The forwarding-address problem has one solution, at the forge layer: GitHub repository transfers redirect the old URL to the new one indefinitely, although creating a new repository at the old name deletes the redirect permanently, an attack surface of its own. Go modules inherit both properties because a module path contains the repo that hosts it: there are no registry accounts to transfer, and a fork lives at a new path with a Deprecated comment in go.mod as the forwarding address. A transferred repo keeps resolving through the redirect, and Swift packages, declared as Git URLs in the manifest, behave the same way without an equivalent of the Deprecated comment to forward a fork.

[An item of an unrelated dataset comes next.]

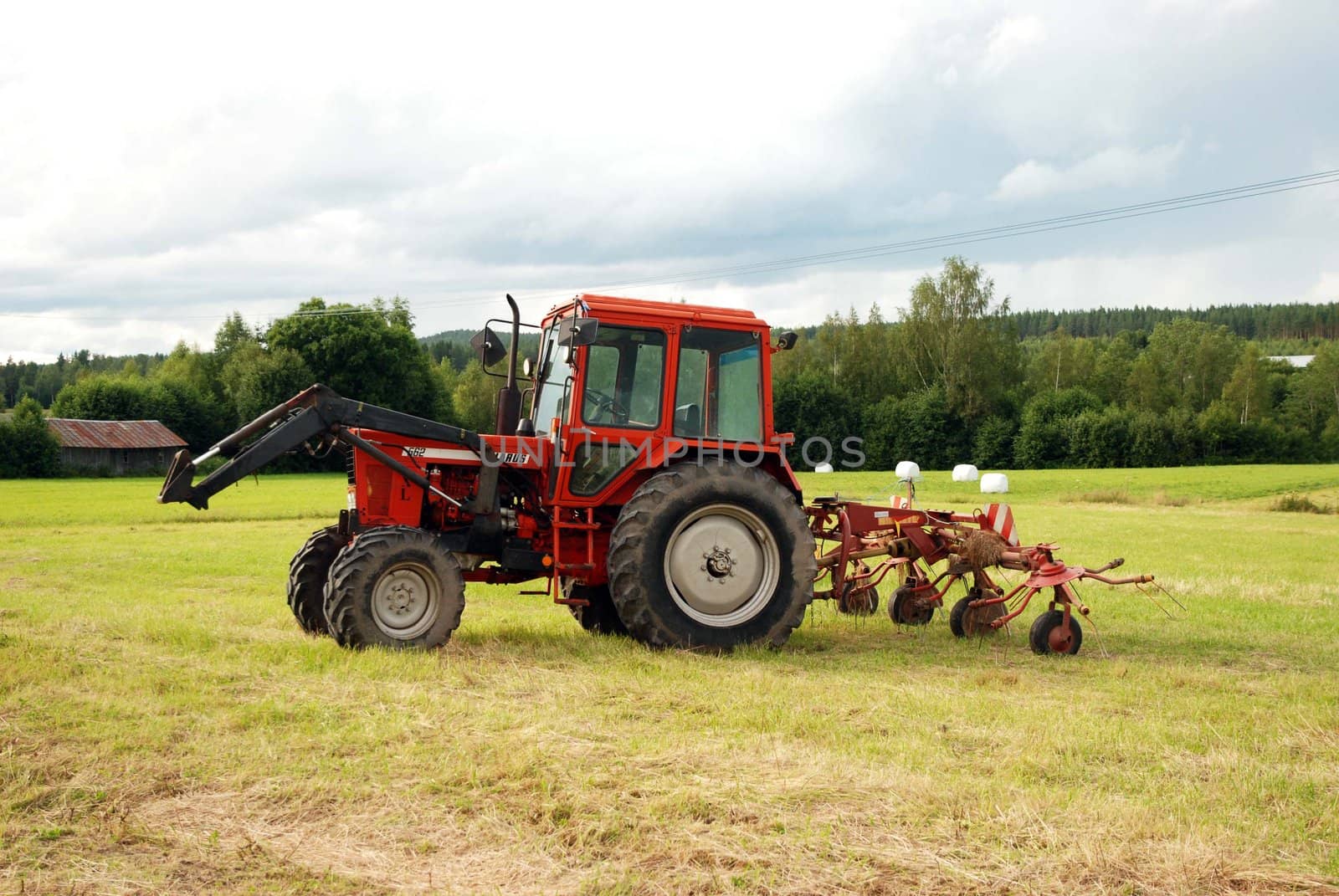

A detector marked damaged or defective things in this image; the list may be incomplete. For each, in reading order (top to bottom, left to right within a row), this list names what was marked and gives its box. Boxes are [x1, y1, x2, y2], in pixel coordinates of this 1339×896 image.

**The stranger.** Avelino et al. studied 1,932 popular GitHub projects and found 16% had been abandoned by all of their core developers; 41% of those survived, and 86% of the survivors were rescued by a single new core developer. The most common motivation was “because I was using the project”, and the barriers the rescuers reported were not technical: lack of time, and not being able to get push access because the people who could grant it were gone.
The rescue the study describes is informal: someone who needs the package asks whoever still has access, and the handover is an email and some permission changes that nothing flags or records. That is also how event-stream changed hands, and the maintainer granting access has no way to tell the rescuer from the attacker. Where the orphan pool has already removed that maintainer, as with the four hundred AUR packages above, there is nobody in a position to tell.